What you should give back is a precise copy of the lines below from the one containing "Exterior, Facade, Raised Ranch" through the one containing "3KPF24AD5PE552110 2023 KIA FORTE - Image 8", with no pictures.

> _Data listing_
━━━━

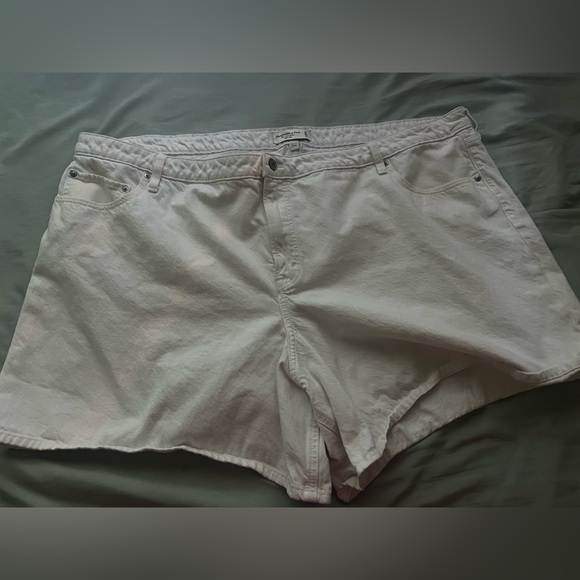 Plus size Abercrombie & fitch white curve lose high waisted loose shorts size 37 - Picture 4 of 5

━━━━

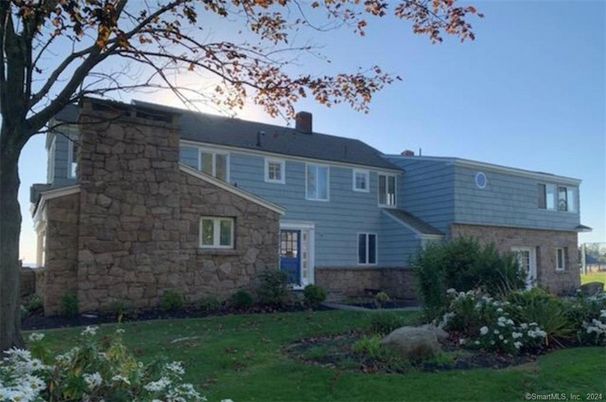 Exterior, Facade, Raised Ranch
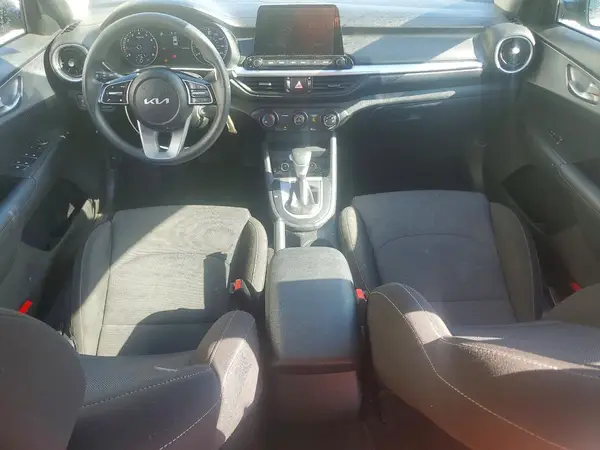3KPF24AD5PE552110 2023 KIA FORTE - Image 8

━━━━

> _Finished task_
 Exterior, Facade, Raised Ranch
3KPF24AD5PE552110 2023 KIA FORTE - Image 8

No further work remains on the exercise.